--- Task directions ---
Please output the records below in full, exactly as given, but without the images.

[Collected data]
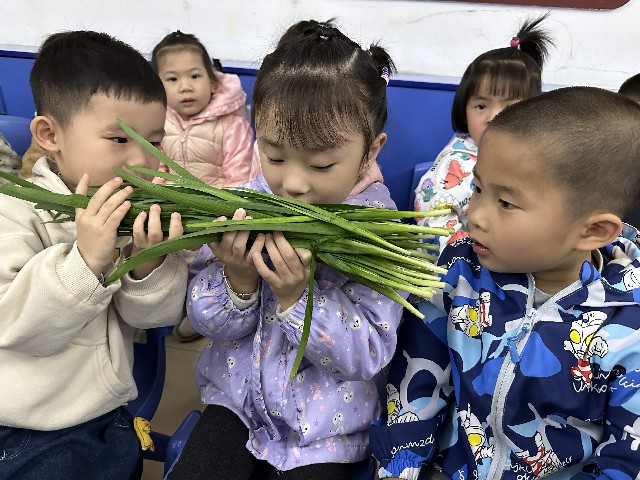 韭菜的味道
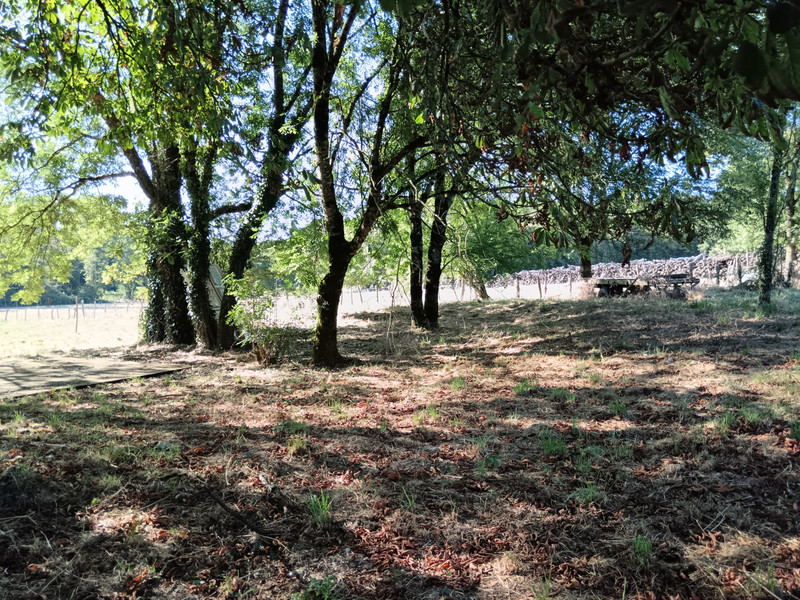 French property for sale in La Chapelle-Bâton, Vienne - €204,120 - photo 13
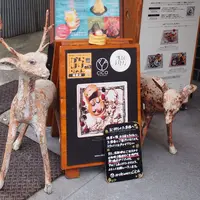 cica（シカ）の写真・動画_image_253343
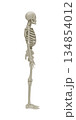 Professional 3D illustration of a human skeleton in side view profile for clinical anatomy education, spinal health studies, biomechanics research and medical visualization isolated on white. 134854012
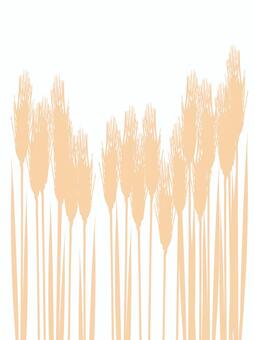 小麦色の麦穂シルエット　mugi027 麦穂,小麦色,リアル,シルエット,ナチュラル,お洒落,自然,植物,大人っぽい,枠のイラスト素材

--- Exercise result ---
 韭菜的味道
 French property for sale in La Chapelle-Bâton, Vienne - €204,120 - photo 13
 cica（シカ）の写真・動画_image_253343
 Professional 3D illustration of a human skeleton in side view profile for clinical anatomy education, spinal health studies, biomechanics research and medical visualization isolated on white. 134854012
 小麦色の麦穂シルエット　mugi027 麦穂,小麦色,リアル,シルエット,ナチュラル,お洒落,自然,植物,大人っぽい,枠のイラスト素材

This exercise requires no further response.